One of the most significant things that a bank can do to increase a sense of loyalty, however, is to increase borrowing opportunities. The study showed a marked difference between small business customers who had taken out a loan or line of credit and those who didn’t; current and past borrowers were significantly more satisfied with their banking experience overall.

Is Your Bank a Winner?

Even with the data showing that banks are losing favor with small businesses, there are some that seem to be more popular than others. Who you choose as “best bank” will likely depend on where you live, however. The study separated the fan favorites by region, with Chase taking the West, M&T ruling the Northeast, Citibank winning the Midwest, and TD Bank owning the South. Other notable names in satisfaction include Capital One, U.S. Bank, Bank of the West, and Fifth Third Bank.

Can Big Banks Keep Small Business Customers?

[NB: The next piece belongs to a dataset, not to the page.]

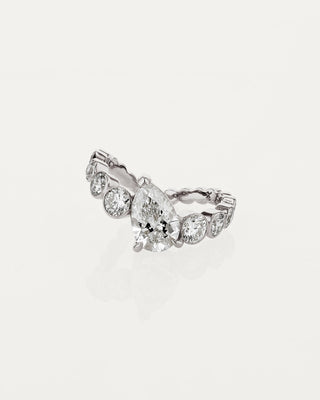 1.50 CT Pear CVD Diamond Unique Style Engagement Ring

While business owners have many reasons to go with a bank that loves them back, the real loser could end up being the banks themselves. In a competitive market that has brought many small banks, Peer-to-Peer lending groups, and mobile-only funding options out to play, it’s going to take some effort to keep unhappy customers from being poached. With name recognition not being enough anymore, the traditional “big bank” environment may have to make even bigger efforts to keep their best customers close. The study, which showed a downward trend in overall banking satisfaction, emphasized that there may be a long road ahead to get small businesses feeling good about banking again.